Readers feel a bit better about themselves with LoeG because there’s a lot of in-jokes and references to be found if you examine the panels, and we all pat ourselves on the back when we recognise Steptoe & Son or Tharg, so Edge Of Spider-Verse is built around fangasming when we spot Spider-Prime in the background. Only the surface ideas are taken, under the mistaken belief that those elements are what’s appealing to the public. So it doesn’t matter if Grant Morrison leaves New X-Men for whatever reasons, because you can throw around the words ‘Quantum Physics’ a bit, continue the love affair between Scott & Emma, get in someone who draws a bit like Frank Quitely and even bring back Xorn as the readers liked him. J. H. Williams III leaves Batwoman over DC’s decision to remove the lesbian wedding angle at the 11th hour, but hire someone sympathetic to gay matters to write the book and an artist who can ‘do’ a Williams III riff if you squint a bit and the machine continues to produce the sausages.
‘Its the trademark, not the creator.’
Which brings us to what I’ve come to call ‘Pogo Larsen Syndrome’. A situation where neither side can look particularly good.
For younger readers, Pogo was a very beloved cartoon by Walt Kelly which started life in 1941 as a strip for Dell’s Animal Comics. It was a beautiful mish-mash of word play and political satire. The middle ground between George Herriman’s Krazy Kat and Berke Breathed’s Bloom County, if you like. Probably (sadly) most famous with comic fans today as being parodied in issue 32 of Alan Moore’s run on Swamp Thing, (A story drawn by Shawn McManus simply titled ‘Pog’.) but at the time of publication, Pogo was huge. A quality cartoon strip running in over 500 newspapers across the world that was also part of the political conversation of the day.

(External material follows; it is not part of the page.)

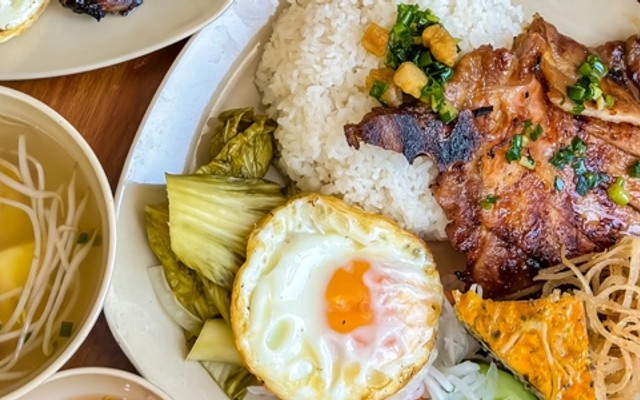 Cơm Tấm Mẹ Sóc - Cơm Văn Phòng, Bún Trộn & Bún Chả - An Đào D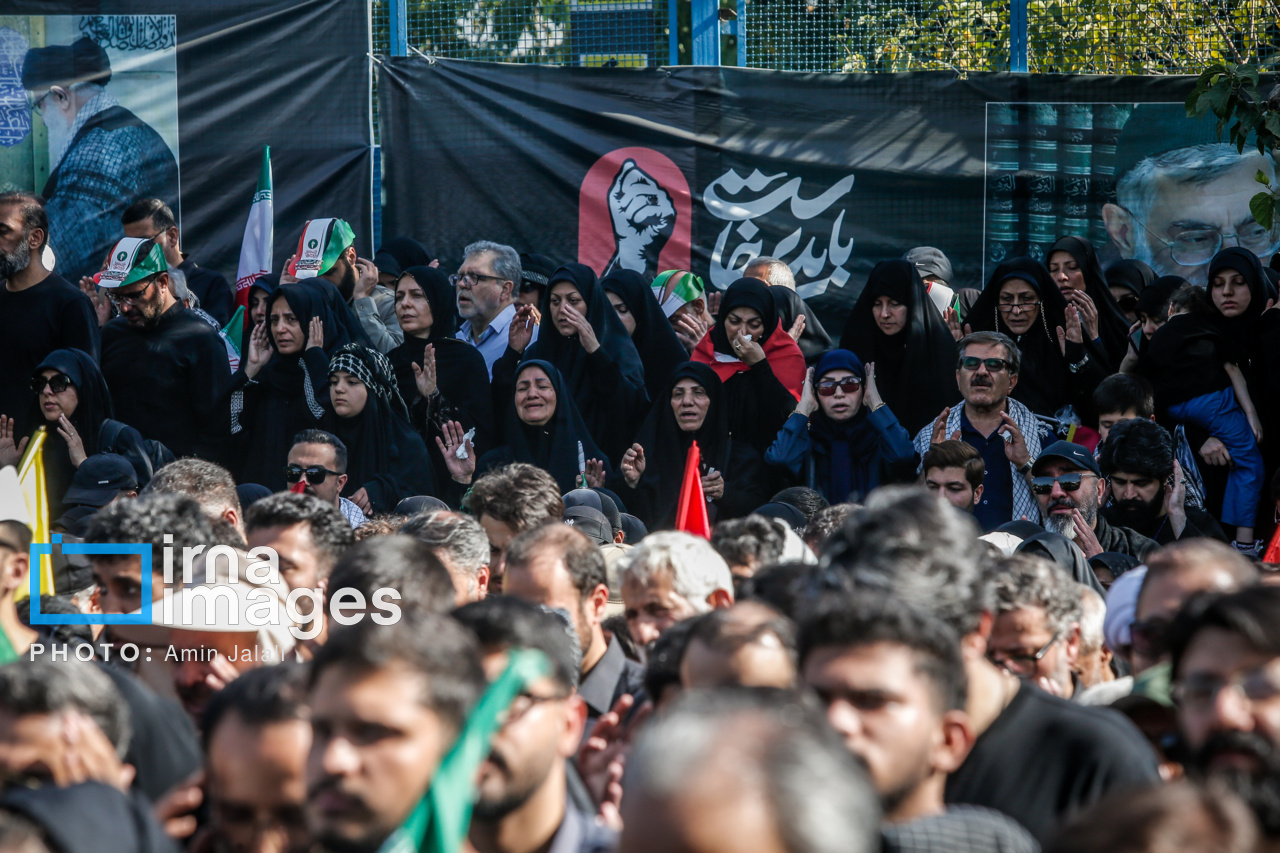 تصاویر: اقامه نماز بر پیکر رهبر شهید انقلاب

In a better world, Kelly’s writing would have seen him ranked alongside Mark Twain or Jonathan Swift as a top-notch satirist.
But then time happened, and on October 18, 1973, Walt Kelly passed away. There’s more to this story, but the long and short of it is that the Kelly Family and associates continued to produce the strip under the title ‘Walt Kelly’s Pogo’.
To be blunt, it was not received with the same love. I have friends in this business who start to get angry at the mere mention of the non Walt Pogo strips. It looked the same, some of Walt’s inflections had been recreated, but without Kelly’s constant innovation and ability to react to the news as it happened, it was little more than a museum piece rather than a vital part of the global conversation and the true heir was and remains, to me at least, Berke Breathed’s Bloom County. Which proves to me that you can put a hose on a dog’s nose, but it still ain’t an elephant.
On the other end of the spectrum, there’s a fan reaction that I can only, rather unfairly. call ‘Larsen Syndrome’ . Erik Larsen is the writer and artist of The Savage Dragon, an Image book I love because of the love of comics that exudes from every issue Larsen creates. Larsen is also the only original member of the Image Seven to simply get on with creating his own comic and see it through without jumping onto other projects or starting a toy line. He just wanted to create an ongoing Savage Dragon comic and issue 206 ships in May, making him the only real contender to Dave Sim’s record set for most issues of a comic created by one person published independently on a monthly basis. (Cerebus finished on issue 300. ) Also, he drew an awesome Venom. And that’s important to me.
But Man, did Erik get a couple of unfortunate gigs in the 90s.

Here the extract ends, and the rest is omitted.